Over the past twenty years, Ireland has built a reputation in the medical technology industry as both an innovative partner and base for business. This rapid rise to becoming one of the world’s leading centres of Medtech development should not, however, lead you to think that the country has only recently become a location for medical invention. To the contrary, some of the most important and widely used tools in clinical practice had a crucial phase in their development occur in Ireland.
The modern stethoscope
Dr. Arthur Leared can be thought of as the James Watt of stethoscopes. While René Laennec of France is famous for having the original spark and inventing the stethoscope, his device was rudimentary and little different from the ear trumpets that were used as hearing aids at the time. In order to hear the nuances of the murmurs of the heart, the stethoscope had to be improved and it took a few decades before Dr. Leared made the device direct sound into both ears. This innovation isolated the physician’s ears from all surrounding sounds, while allowing both ears to focus on the same sound source, significantly improving the physician’s ability to auscultate and interpret what they heard. Only a few minor changes were made by scientists since to make the stethoscope what it is today.
Syringe injections are now ubiquitous but only originated in 1844 when Dr. Francis Rynd, working at the Meath Hospital in Dublin, administered “fifteen grains of acetate of morphia, dissolved in one drachm of creosote” to four nerves in the face of a woman, according to a report filed the following year in the Dublin Medical Press.
Dr. Rynd’s patient was suffering from severe pain on the left side of her face, which led her to become an opium addict, taking laudanum multiple times a day in a failed attempt to relieve the pain. After deciding to try delivering morphine directly to the nerves that caused the pain, Dr. Rynd designed a special trocar that could break the skin, and an accompanying cannula through which the drug would be administered. As the syringe had yet to be developed, the morphine solution was fed through the cannula, resulting in a pretty slow injection by today’s standards. But the effort worked well, with the patient reporting immediate relief that lasted long after the injections.
The work of later inventors improved on Dr. Rynd’s design, developing smaller needles, plunger-based syringes, and additional safety mechanisms. New medical needles and syringes continue to be developed today, with some of that work taking place in Ireland, not far from where the story of the syringe began.

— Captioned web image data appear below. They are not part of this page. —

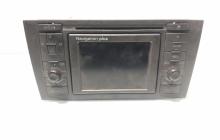 Radio cd cu navigatie, cod 4B0035192K, Audi A6 Allroad (4BH, C5) (idi:718634)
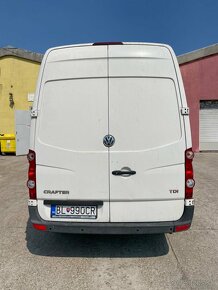 Volkswagen Crafter - 3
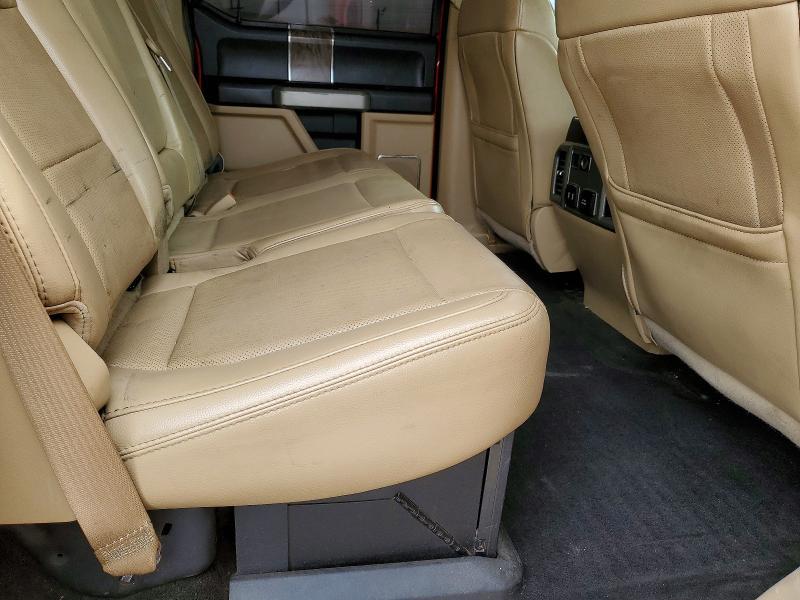 2018 Ford F350 Super Duty Flatbed Truck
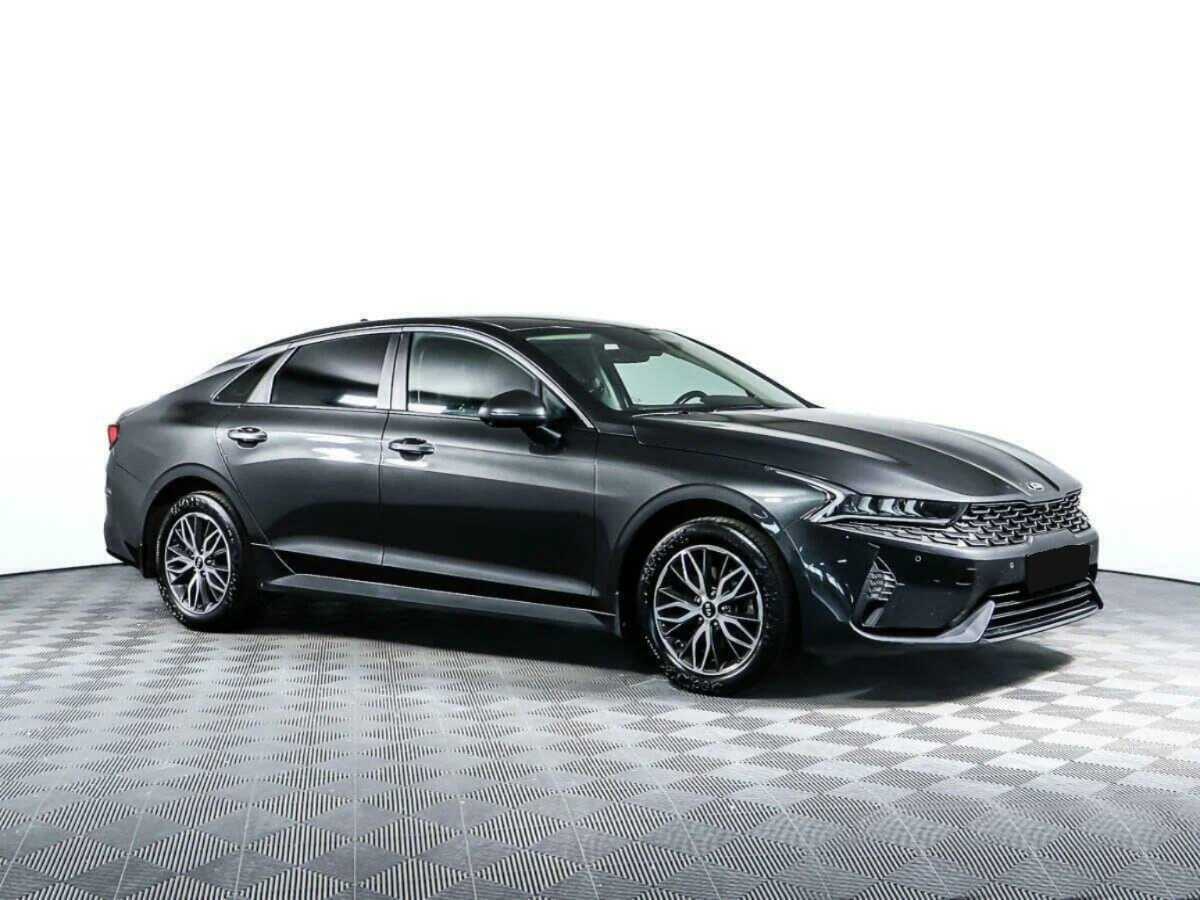 Kia K5, 2020 Фото №3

Setting standards in radiotherapy
In the early 20th century, as radiotherapy was becoming a viable method of attacking tumors, another clinical injection challenge appeared: how to deliver radioisotopes to tumors. Radioactive materials had to be sourced, stored and used in ways that conventional materials never required. Those challenges led to the creation of special institutes that developed the necessary clinical and safety protocols to use nuclear materials in medicine. One of the first and most important was the Royal Dublin Society’s Radium Institute. The Institute was founded by John Joly, an Irish scientist who worked in the fields of geology and minerology, colour photography, invented the steam calorimeter, and showed that the Earth is older than was thought at the time. Working with Dr Walter Stevenson, Joly developed the “Dublin method” for delivering radium into deep-seated tumors, a technique that became standard around the world. While many new technologies and radiation sources have been developed since then, including cyclotrons and technetium-99m, the work of John Joly and Dr. Walter Stevenson was an important evolutionary step in the field of radiotherapy.
In emergency medicine, Dr. Frank Pantridge of Belfast revolutionised care with the invention of the portable defibrillator that finally allowed ambulances to treat cardiac arrhythmias. Although external defibrillators already existed and few hospitals established cardiac care units in the 1960’s, Dr. Pantridge realised that, with so much time needed to transport patients to the hospital, on-site treatment was essential. Working with others at the Royal Victoria Infirmary in Belfast, Dr. Pantridge built a car battery-powered defibrillator that fit inside an ambulance. The defibrillator was giant and heavy but it worked and saved lives. Inspired by his own success, Dr. Pantridge managed to scale down the device significantly, relying on a capacitor instead of batteries to hold the electric charge. In only three years he reduced the portable defibrillator from 70 kg to only 3 kg. The result is that now almost every ambulance around the world has a defibrillator and automatic external defibrillators can be found in airports, sports venues, and other facilities, protecting large crowds of people.
From the stethoscope to the portable defibrillator, Irish scientists and physicians have been developing medical devices without which modern clinical practice would be impossible. While Ireland’s innovative Medtech industry may seem relatively new, it continues the country’s well-established tradition of medical device invention.